Chase Clement

No. 88
- Position: Tight end

Personal information
- Born: August 1, 1989 (age 37) Thibodaux, Louisiana, U.S.
- Listed height: 6 ft 5 in (1.96 m)
- Listed weight: 265 lb (120 kg)

Career information
- High school: E.D. White (Thibodaux, Louisiana)
- College: LSU
- NFL draft: 2013 (undrafted)

Career history
- New York Giants (2013)*;
- * Offseason or practice squad member only

= Chase Clement (tight end) =

American football player (born 1989)

Chase Michael Clement (born August 1, 1989) is an American former football tight end. He was signed by the New York Giants as an undrafted free agent in 2013. He played college football at Louisiana State University (LSU).

==Early life==
Chase Clement was born in Thibodaux, Louisiana. He is the son of Renee Jennings and Terry, and nephew of former Detroit Lions offensive lineman, Eric Andolsek. Clement attended E. D. White High School, where he played both defensive end and tight end.

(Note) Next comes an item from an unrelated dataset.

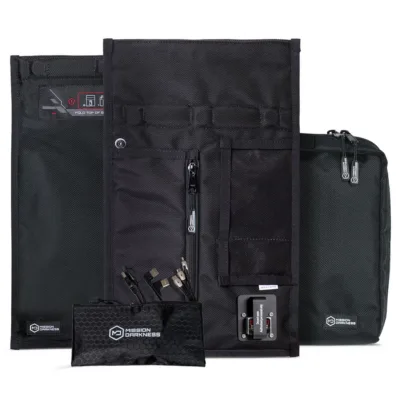 Mission Darkness Non-Window Charge / Shield Faraday Tablet Bag - Image 12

During his senior year, he was one of the top rated players in 2007. Clement was named to the Rivals.com 250 with a four-star rating. He was listed as PrepStar All American and played in the inaugural Offense-Defense All-American Bowl.

==College career==
Clement attended Louisiana State University, where he played 53 games, making 22 starts during his career. He caught 14 passes for 189 yards and 1 touchdown. Clement originally played as a backup defensive end during his redshirt freshman season in 2009. At the arrival of his sophomore year, Clement made a switch to tight end, starting in 8 games, and making two catches for 42 yards.

He majored in general studies with concentrations in communication studies, sociology, and business administration.

==Professional career==
Clement went undrafted in the 2013 NFL draft and was signed that day by the New York Giants. On August 25, 2013, he was cut by the Giants.